Le mobile : pourquoi les femmes enceintes vomissent
On a longtemps ignoré pourquoi les femmes enceintes vomissent.
Sept grossesses sur dix s'accompagnent de nausées. Une à trois sur cent basculent dans l'hyperémèse gravidique, une forme si sévère qu'elle a tué des femmes (Charlotte Brontë, probablement, par les suites de la dénutrition plus que par les vomissements eux-mêmes) et qu'elle en pousse encore certaines à interrompre une grossesse désirée. On a accusé les hormones. On a accusé l'hystérie, longtemps. C'est ce qui arrive quand le mécanisme manque : le symptôme finit par retomber sur la patiente.
En décembre 2023, Nature a désigné le coupable. Et la molécule qui inonde le sang de la mère n'est presque pas fabriquée par elle : elle vient du fœtus et du placenta. La part maternelle représente moins de 1 % du total.
Et puis il y a le détail qui rend l'affaire intéressante. Dans une enquête menée au Sri Lanka chez des femmes atteintes de bêta-thalassémie, une maladie où le GDF-15 est chroniquement très élevé, 5 % seulement rapportaient des nausées de grossesse, contre plus de 60 % des témoins.

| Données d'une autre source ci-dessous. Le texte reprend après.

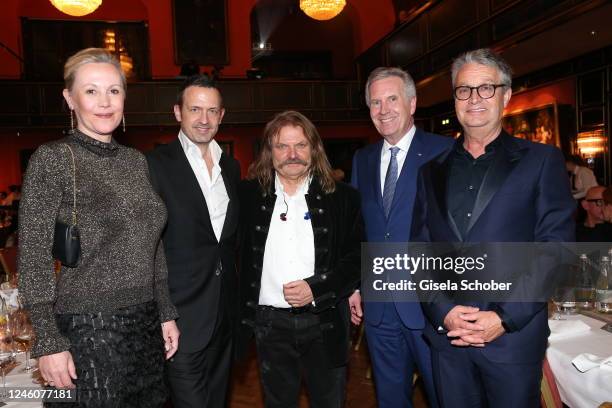 Bettina Wulff, Till Broenner, Leslie Mandoki, Christian Wulff, Gabor Steingart during the celebration of Leslie Mandoki's 70th birthday, 40 years Red...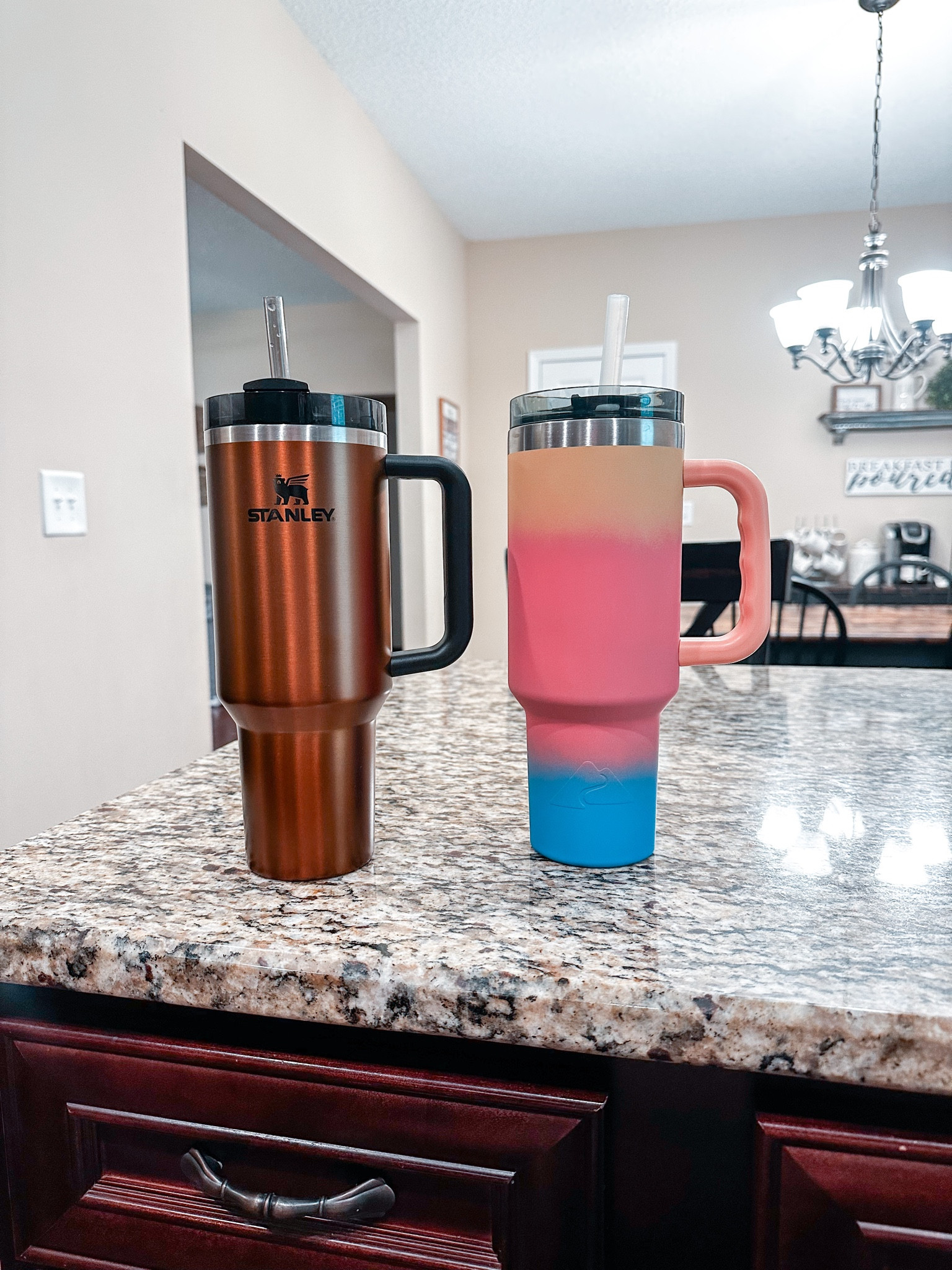 My $19.99 Stanley dupe was my most sold item in the LTK app last week so here’s a comparison between it & Stanley! 
- Stanley has a plastic straw & rubber grips on the handle. 
- Ozark Trail has a half silicone/half plastic straw & little ridges on the the handle to grip. 
-Both are the exact same size. 
-Both can be used with a straw or without. 
-Both are dishwasher safe. 
-Ozark Trail tends to hold ice a little longer than the Stanley! 🫢 
There’s really not much of a difference at all between the 2! I do prefer the Stanley straw, so if you prefer it too, all you have to do is swap the straw out in the Ozark Trail for a Stanley one & it will fit it too! 🤷🏻‍♀️ 
A pack of 4 Stanley straws is like $10-$12, so you still come out cheaper than buying a Stanley tumbler! 😬


#LTKtravel #LTKFitness #LTKhome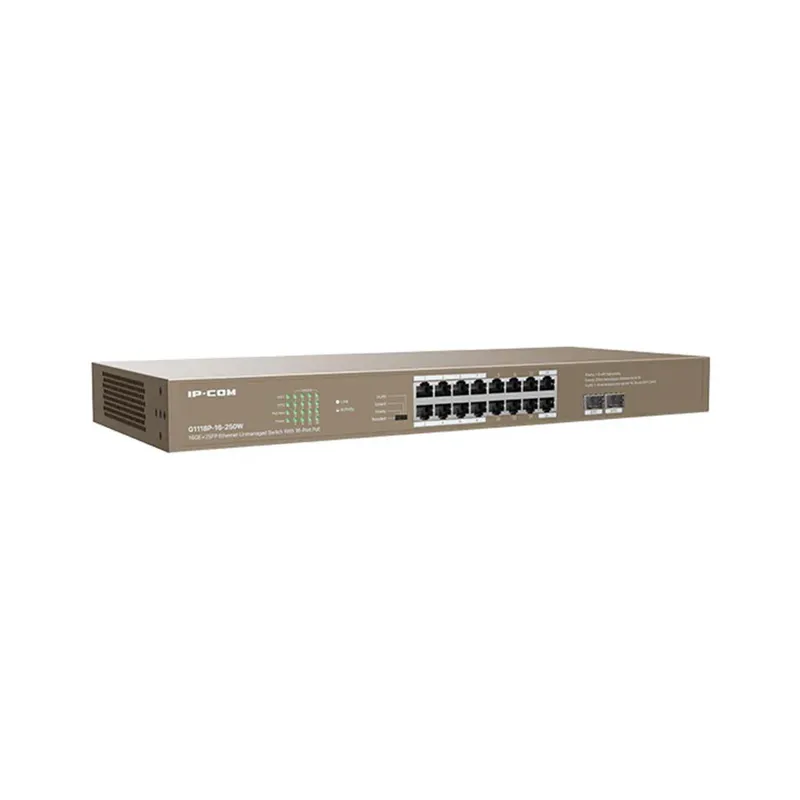 Switch Ip-com G1118p-16-250w 16 Portas 10/100/1000 Poe Não Gerenciado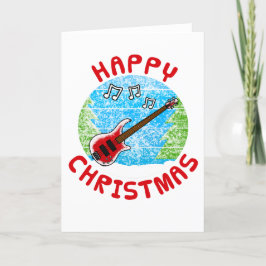 Bass Guitar-julkort BAssimusiker Tack Kort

Enquête déclarative, rétrospective, et le taux n'y a jamais été mesuré : ce n'est pas une preuve, c'est une piste.
LE CONTRASTE
Grossesse : le GDF-15 grimpe brutalement en quelques semaines, et les nausées suivent.
Bêta-thalassémie : le GDF-15 est très élevé en permanence, toute la vie, et les femmes concernées rapportent peu de nausées de grossesse. Enquête rétrospective, taux jamais mesurés : une piste, pas une preuve.
Le taux compte, les auteurs le confirment. Mais il n'explique pas tout. À quantité comparable, deux femmes ne réagissent pas de la même manière. Ce que le cerveau lit, c'est aussi l'écart par rapport à ce à quoi il est habitué. Les auteurs en tirent une hypothèse inattendue : chez la souris, une exposition préalable au GDF-15 émousse la réponse à une dose aiguë. Exposer les femmes avant la grossesse pourrait donc désensibiliser le signal. Ils précisent dans le même mouvement qu'il faudra d'abord établir chez l'humain la dose et la cinétique de cette désensibilisation, avant même de penser à un essai.
Gardez cette idée en tête. Elle va servir dans un service d'hôpital qui n'a rien à voir.
La victime suivante : le même marqueur, chez un homme de 72 ans
Maintenant, changez complètement de littérature.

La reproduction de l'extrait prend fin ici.